2. The method of claim 1, wherein the material comprises a magnetostrictive material.
3. The method of claim 1, wherein the material comprises an electrostrictive material.
4. The method of claim 1, wherein the material is positioned between Bragg gratings formed in the optical waveguide.
5. The method of claim 1, wherein the strain is measured using any method including interferometric methods, such as intrinsic Fabry-Perot, Michelson or Mach Zhender interferometry.
6. The method of claim 1, wherein the optical waveguide comprises a sensing arm of an interferometer.
7. The method of claim 1, wherein the material is bonded directly to or coated on the optical waveguide.
8. The method of claim 1, further comprising permanently installing the sensor in a wellbore.
9. The method of claim 1, further comprising installing the sensor in cement between a casing and a wellbore.
10. The method of claim 1, further comprising the sensor detecting the electromagnetic field representing resistivity in the formation.
11. The method of claim 1, further comprising the sensor monitoring a proximity of a flood front.
12. A well system, comprising:
an optical electromagnetic sensor installed in a well; and
wherein a strain is induced in an optical waveguide of the sensor in response to an electromagnetic field induced in an earth formation.
13. The system of claim 12, wherein the sensor further comprises a material which changes shape in response to exposure to the electromagnetic field.
14. The system of claim 13, wherein the strain is induced in the optical waveguide in response to a change in the material shape.
15. The system of claim 13, wherein the material comprises a magnetostrictive material.
16. The system of claim 13, wherein the material comprises an electrostrictive material.
17. The system of claim 13, wherein the material is positioned between Bragg gratings formed in the optical waveguide.
18. The system of claim 13, wherein the material is bonded directly to or coated on the optical waveguide.
19. The system of claim 13, wherein the strain is measured using any method including interferometric methods, such as intrinsic Fabry-Perot, Michelson or Mach Zhender interferometry.
20. The system of claim 12, wherein the optical waveguide comprises a sensing arm of an interferometer.
21. The system of claim 12, wherein the sensor is permanently installed in a wellbore.
22. The system of claim 12, wherein the sensor is positioned in cement between a casing and a wellbore.
23. The system of claim 12, wherein the sensor detects the electromagnetic field representing resistivity in the formation.
24. The system of claim 12, wherein the sensor monitors a proximity of a flood front.
25. A method of monitoring an earth formation, the method comprising:
installing an optical electromagnetic sensor in a wellbore which penetrates the formation; and
a strain being induced in an optical waveguide of the sensor in response to an electromagnetic field induced in the formation.
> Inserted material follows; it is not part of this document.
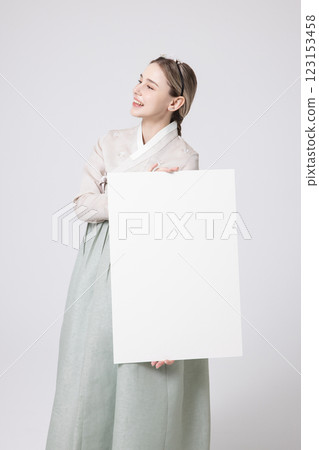 Portrait of a Western woman wearing Hanbok and standing with copyspace 123153458
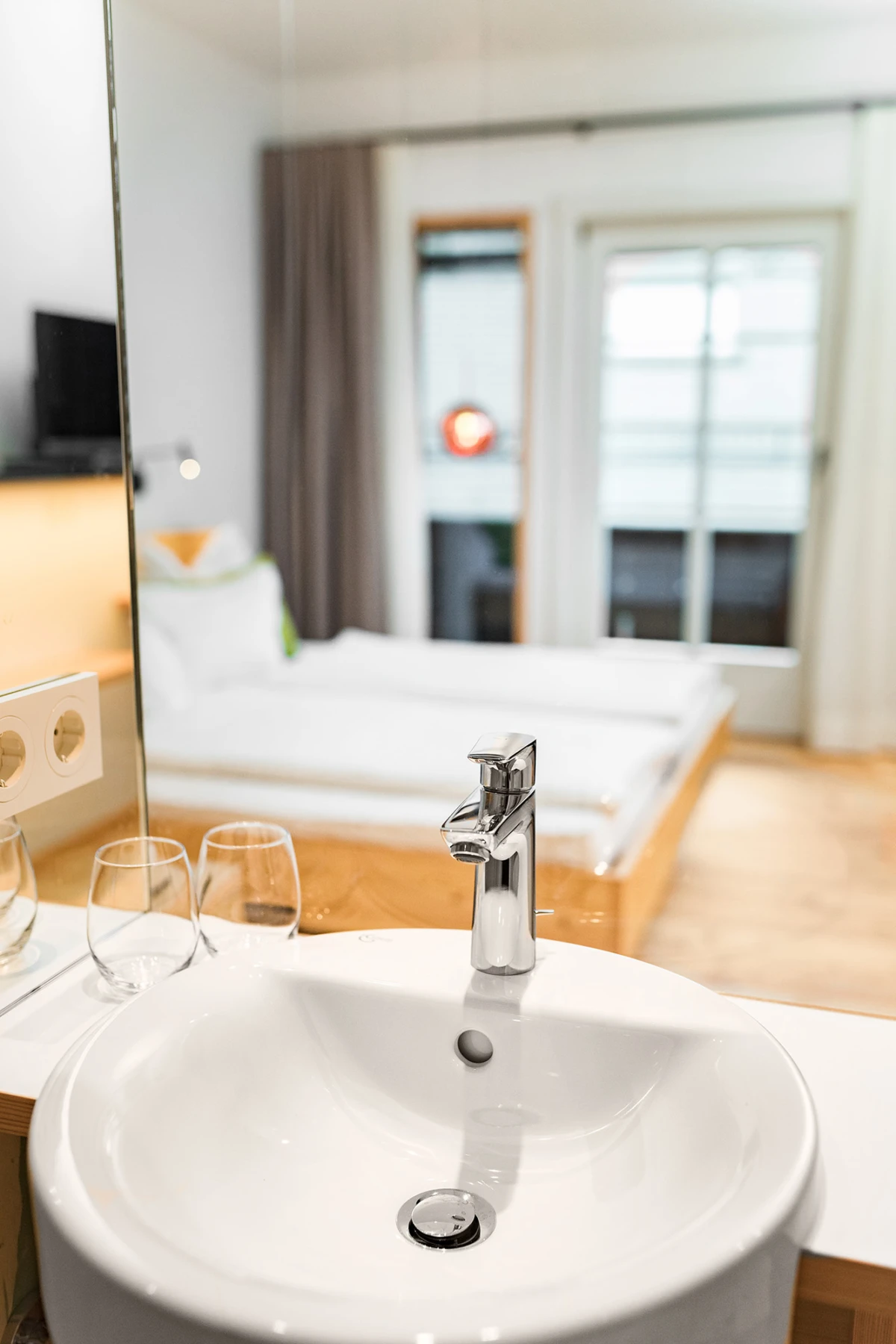 Rundes weißes Waschbecken mit glänzender Chromarmatur; zwei Weingläser daneben; Hintergrund: Hotelzimmer mit Bett, Vorhängen und Fenster.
26. The method of claim 25, wherein the sensor further comprises a material which changes shape in response to exposure to the electromagnetic field.
27. The method of claim 26, wherein the strain is induced in the optical waveguide in response to a change in the material shape.
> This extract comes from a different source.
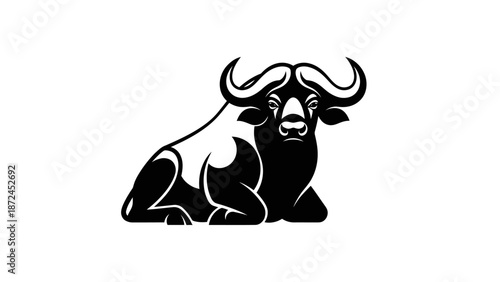 Powerful Buffalo Bull Resting with Large Horns in Bold Black and White.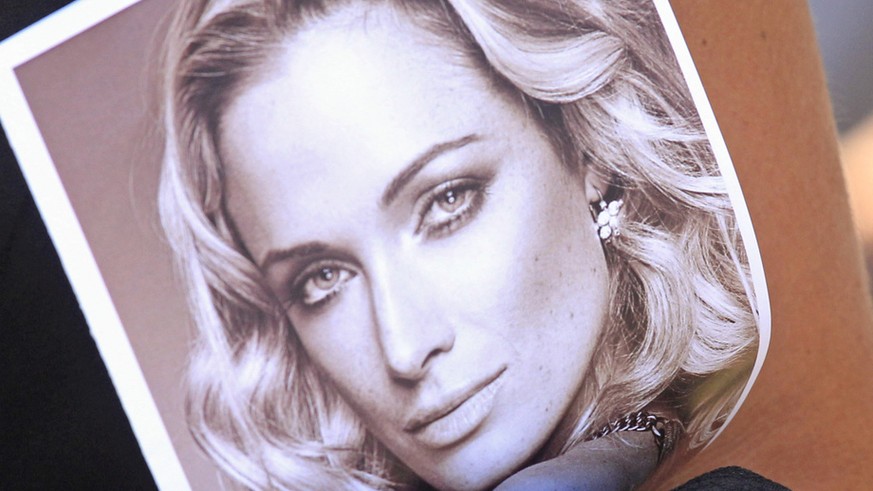 File: In this Tuesday, Feb. 19, 2013 file photo a mourner holds a program with a photo of Reeva Steenkamp at her funeral in Port Elizabeth, South Africa. A sobbing Oscar Pistorius refused to look at a ...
28. The method of claim 26, wherein the material comprises a magnetostrictive material.
29. The method of claim 26, wherein the material comprises an electrostrictive material.
30. The method of claim 26, wherein the strain is measured using any method including interferometric methods, such as intrinsic Fabry-Perot, Michelson or Mach Zhender interferometry.
31. The method of claim 26, wherein the material is positioned between Bragg gratings formed in the optical waveguide.
32. The method of claim 26, wherein the material is bonded directly to or coated on the optical waveguide.
33. The method of claim 25, wherein the optical waveguide comprises a sensing arm of an interferometer.
34. The method of claim 25, wherein the installing further comprises permanently installing the sensor in a wellbore.
35. The method of claim 25, wherein the installing further comprises positioning the sensor in cement between a casing and a wellbore.
36. The method of claim 25, further comprising the sensor detecting the electromagnetic field representing resistivity in the formation.
37. The method of claim 25, further comprising the sensor monitoring a proximity of a flood front.
US13/679,926 2012-11-16 2012-11-16 Well monitoring with optical electromagnetic sensors Abandoned US20140139225A1 (en)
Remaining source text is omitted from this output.